“Marriage Under Muslim Law Is Not A Sacrament But A Contract”- Discuss

In the pre-Islamic period, the concept of marriage in Arabian society was much disorganized. Women were considered as property of men. Marriage was performed only for the enjoyment and procreation of children. It was like selling of a girl by her father or guardian. In addition to that, the husband had the absolute right to divorce and limitless polygamy prevailed. The most atrocious practice of that time was ‘Nikah Ijtimah’. Under this, a group of fewer than ten men would assemble and would have sexual relations with her. If she became pregnant and delivered a child, she would send for all of them a few days after the delivery and none of them could refuse to come. When all the men gathered before her, she would say to them “You (all) know what you have done and now I have given birth to a child. So, it is your child” Naming whomever she liked and her child would follow him and he could not refuse to take him.

After the commencement of Islam, a defined form of marriage was introduced. This is known as ‘Nikah’. It is an Arabic word which means civil contract. Nikah is not only a matrimonial contract but also a social institution giving dignified independent status to married women. It says that in a marriage the husband must pay or promise to pay something to the wife as a mark of respect towards her. It prohibits limitless polygamy and restraints it to four wives at a time.

Muslim marriage as a contract has been defined from time to time. In the words of Ronal Wilson, “Muslim marriage is a contract for the purpose of legalizing sexual intercourse and the procreation of children. According to Hedaya, “Marriage (Nikah) implies a particular contract used for the purpose of legalising children.” In the case of Abdul Kadir vs Salima And Anr. [(1886) ILR 8 All 149], Justice Mahmood has clearly mentioned that “Marriage among Mohammedans is not a sacrament but purely a civil contract.” Based on above mentioned definitions, it may be said that in the eyes of law, a Muslim – marriage is a civil contract. The object of the marriage – contract is to provide legal validity to the sexual relationship of husband and wife and to legalise the children. Without a valid contract of marriage, intercourse between a man and a woman is unlawful (Zina). Marriage also legalises the children born out of that marriage. It is therefore clear that juridically a Muslim marriage is a civil contract; it is not a sacrament.

The conditions of a Muslim – marriage is almost similar to that of a civil contract. Few similarities between a Muslim – marriage and a contract are:

1. Proposal and Acceptance: In a Marriage, a proposal, known as “Ijab” for the marriage and the acceptance of the proposal “Qubul” is must.
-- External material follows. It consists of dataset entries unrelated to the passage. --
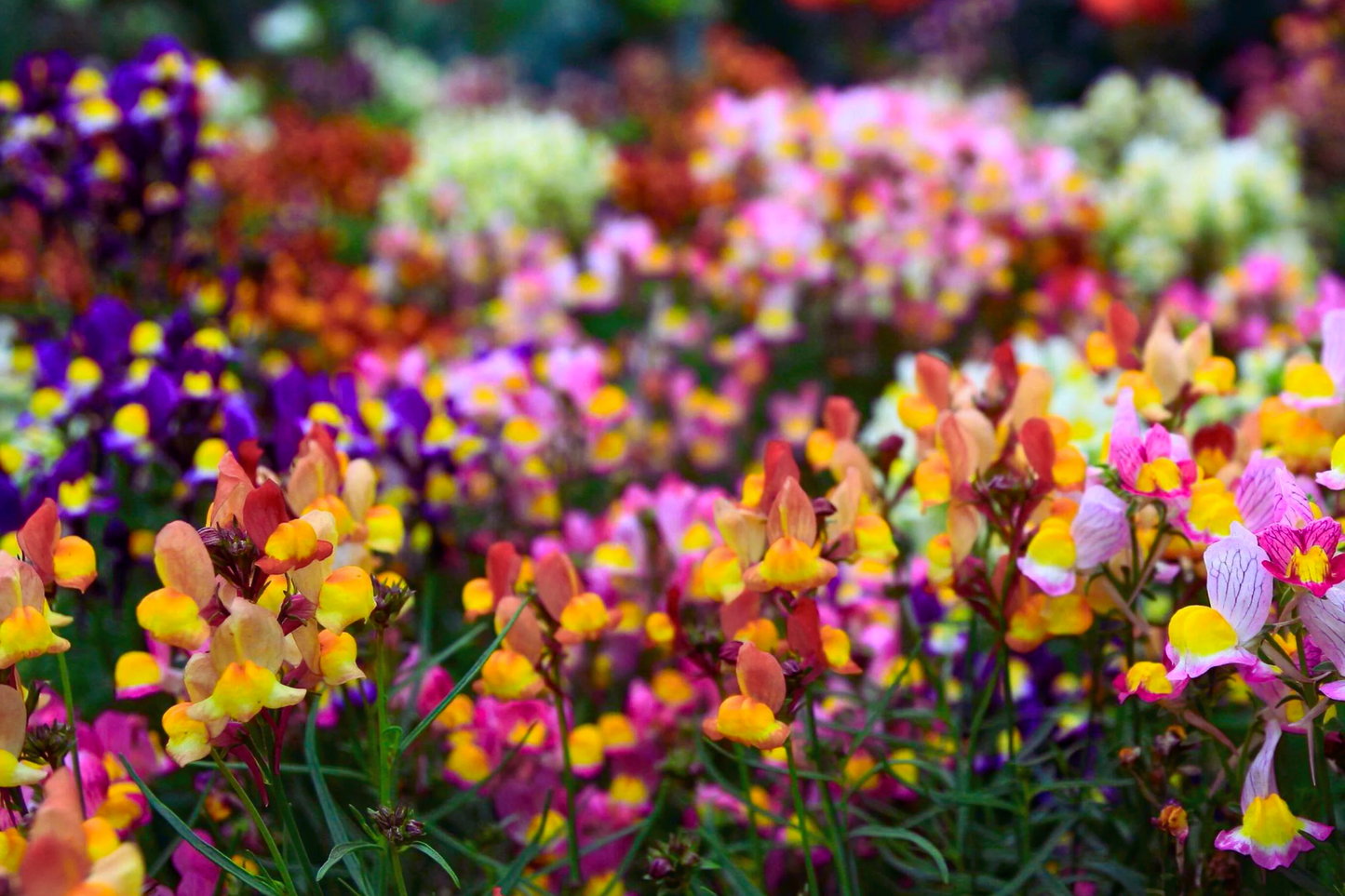 Fairy Bouquet Snapdragon Seeds - Antirrhinum majus Spurred & Baby Mix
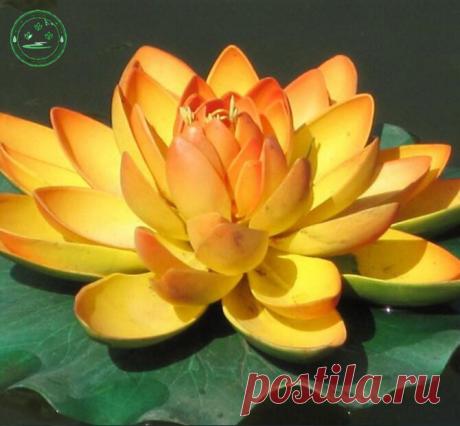 Мини-Многолетние-Цветы-Семена-Золотой-цвета-лотоса-семена-Научит-вас-посадить-семена-Лотоса-Семена-водяной-Лилии.jpg (670×620)
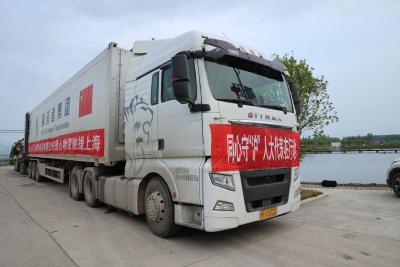 荆门市十届人大代表再捐赠30吨蔬菜   助力抗“疫”守“沪”平安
This should in the presence of two witnesses i.e. in the presence of two male or one male and two female witnesses and a “maulvi” or kazi [Muslim priest].

It is just like the provisions of the Indian Contract Act, 1872 where a contract is an agreement; an agreement is a promise and a promise is an accepted proposal. Thus, every agreement must have a proposal from one side and its acceptance by the other.

2. Capacity of a Person to Contract Marriage: The second condition for accomplishment of this type of marriage is that the parties must be adult and of sound mind. Marriage of minors can only by consent of their parents.

According to section 11 of the Indian contract Act, 1872, only those persons who are major and are of sound mind can be the party to contract.

3. Free Consent: Any marriage is lawful only when there is free consent from the parties. In the case of Mohiuddin v. Khatijabibi [41 Bom L.R. 1020], it was held that marriage will be nullified if it is performed without the free consent of the parties.

According to section 19 of the above-mentioned Act, an agreement will be voidable if it not prepared by the free consent of the parties.

4. Discharge: Muslim marriage provides the discharge from marriage through its various forms of divorce (Talaq) like Talaq-ul-Bidaat, Talaq-ul-Sunnat, Khula, etc.

In the Indian Contract Act, 1872, section 37, 39, 62, 63, 64 and section 67 provides for the ways of discharge of the contract.

Given the points above, we come to the conclusion that Muslim marriage is a contract, and not a religious sacrament.